I opened a image/x-png type image in new tab, but Chrome just downloaded it. I googled it and found that Chrome doesn't interpret image/x-png as image file.
So, I want to edit my Chrome's MIME type mappings. Is it possible?
A browser usually identifies a resource's MIME type by observing the Content-Type response header in an HTTP response. Sometimes, developers set values for Content-Type headers that are not appropriate for the response's content.
Once open, select the Network tab, select the name of the resource on the lefthand side, then hit the Headers tab. Under Response Headers find Content-Type which is your mime type.

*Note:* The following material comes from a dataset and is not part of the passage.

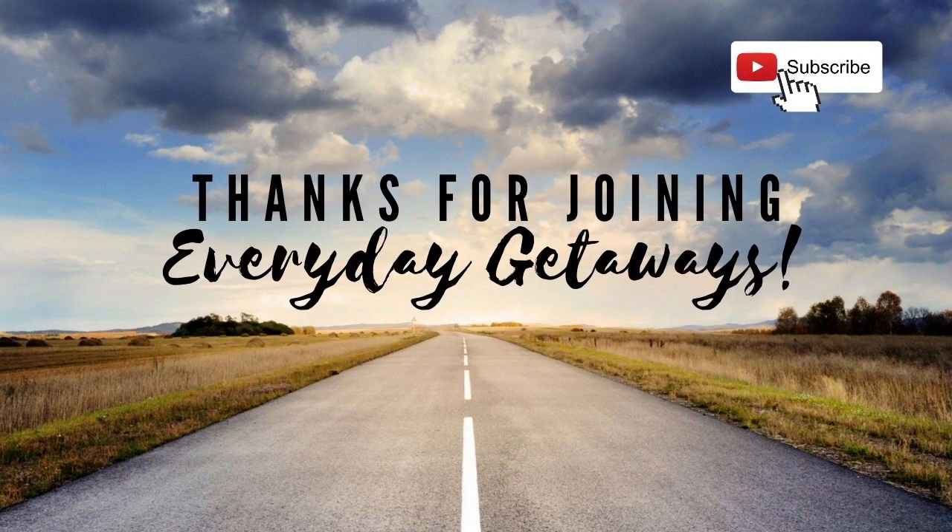Thank you so much for being with us today. If you haven't already, take a few moments to hit that subscribe button, that like button, and that notification bell so you can come along with us on our next journey. We appreciate you becoming part of the EG family. Thanks so much — see you soon!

Too bad you have not answered my comment, so I forgot about your question and lost the bounty. I guess my answer is even a little easier to use for you because you do not need to click any context menus in order to see the PNGs directly in the browser:
Chrome extension Redirector can be configured to replace HTTP response headers. I created a rule replacing the Content-Type header for any URL ending with ".png":
Paste this JSON code into a text editor, save as png_rule.json and then in Redirector settings go to Rules Manager, click Files to open im-/export options and import the rule version 1:
[{"name":"x-png -> png","match":{"str":"\\.png$","type":0,"modi":false},"sub":{"str":"Content-Type","type":4,"modi":true,"modg":true},"repl":{"str":"image/png","decode":false},"enabled":1}]
From now on all your PNG files should be fine.
Update: replaced the simple pattern match by a stricter regex match as suggested by the author or Redirector.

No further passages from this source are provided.